Ppost (observed-repertoire background) is the publicness default; Pgen is the OLGA-generated background; log_q is their difference (the selection factor). cdr3_cols maps chain → CDR3 column (default CDR3_<chain>). Chains whose CDR3 column is absent are skipped. Returns a copy.

Source code in tcrsift/annotate_tcrs.py
def add_pgen_ppost(
    df: pd.DataFrame,
    *,
    chains: tuple[str, ...] = ("alpha", "beta"),
    backend: str = "kmer",
    cdr3_cols: dict[str, str] | None = None,
    with_pgen: bool = True,
    with_ppost: bool = True,
    with_q: bool = True,
    auto_train: bool = True,
) -> pd.DataFrame:
    """Add ``pgen_<chain>`` / ``ppost_<chain>`` / ``log_q_<chain>`` columns.

    Ppost (observed-repertoire background) is the publicness default; Pgen is
    the OLGA-generated background; ``log_q`` is their difference (the
    selection factor). ``cdr3_cols`` maps chain → CDR3 column (default
    ``CDR3_<chain>``).
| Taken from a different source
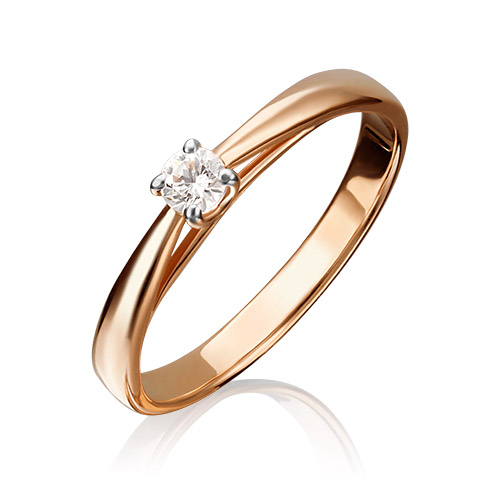 

Кольцо из золота р. 18 PLATINA jewelry 01-4624-00-501-1110-38, фианит, 01-4624-00-501-1110-38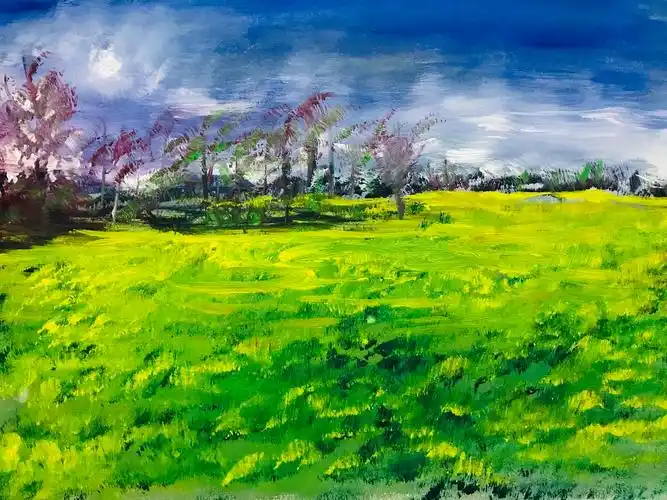 王同雨个人原创水粉画作品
Chains whose CDR3 column is absent are skipped.
    Returns a copy.
    """
    from .pgen_models import ensure_model

    out = df.copy()
    cdr3_cols = cdr3_cols or {}

    def _resolve(chain: str, role: str):
        """(model, estimator) honestly, or (None, None) if unavailable.

        Pgen may fall back across *estimators* (tcrpeg→k-mer) — still genuine
        Pgen. Ppost is role-pure: never substituted by Pgen, so an absent
        Ppost stays unavailable (→ NaN) rather than masquerading as Pgen.
        """
        try:
            return ensure_model(chain, backend=backend, role=role,
                                auto_train=auto_train), backend
        except (ImportError, ValueError) as exc:  # Pgen can't be (re)trained
            if role == "pgen":
                logger.warning("%s; using shipped k-mer Pgen for %s", exc, chain)
                from .seqprob import load_background_model
                return load_background_model(chain, "kmer", "pgen"), "kmer"
            return None, None
        except FileNotFoundError as exc:
            if role == "pgen" and backend != "kmer":
                from .seqprob import load_background_model
                try:
                    return load_background_model(chain, "kmer", "pgen"), "kmer"
                except FileNotFoundError:
                    pass
            logger.warning("add_pgen_ppost: %s %s unavailable for %s (%s) → NaN",
                           backend, role, chain, exc)
            return None, None

    for chain in chains:
        cdr3_col = cdr3_cols.get(chain, f"CDR3_{chain}")
        if cdr3_col not in out.columns:
            logger.info("add_pgen_ppost: no %r column; skipping %s",
                        cdr3_col, chain)
            continue
        pgen_est = ppost_est = None
        if with_pgen:
            model, pgen_est = _resolve(chain, "pgen")
            out[f"pgen_{chain}"] = (
                seqprob.score_log_prob(out, chain=chain, cdr3_col=cdr3_col,
                                       model=model, out_col=f"pgen_{chain}")
                if model is not None else np.nan
            )
        if with_ppost:
            model, ppost_est = _resolve(chain, "ppost")
            out[f"ppost_{chain}"] = (
                seqprob.score_log_prob(out, chain=chain, cdr3_col=cdr3_col,
                                       model=model, out_col=f"ppost_{chain}")
                if model is not None else np.nan
            )
        # Q = log Ppost − log Pgen is only meaningful within one estimator;
        # don't emit a cross-estimator ratio. (Rank on Ppost, not Q — Q alone
        # is the weaker signal; publicness lives in the observed frequency.)
        if with_q and with_pgen and with_ppost:
            if pgen_est is not None and pgen_est == ppost_est:
                out[f"log_q_{chain}"] = out[f"ppost_{chain}"] - out[f"pgen_{chain}"]
            else:
                out[f"log_q_{chain}"] = np.nan
    return out

add_gex_signature_scores

add_gex_signature_scores(df: DataFrame, per_cell: DataFrame, *, signatures: dict[str, object] | None = None, clone_col: str = 'CDR3ab', group_col: str | None = None, gex_prefix: str = 'gex') -> pd.DataFrame

Join per-clone, group-z-scored signature scores onto df.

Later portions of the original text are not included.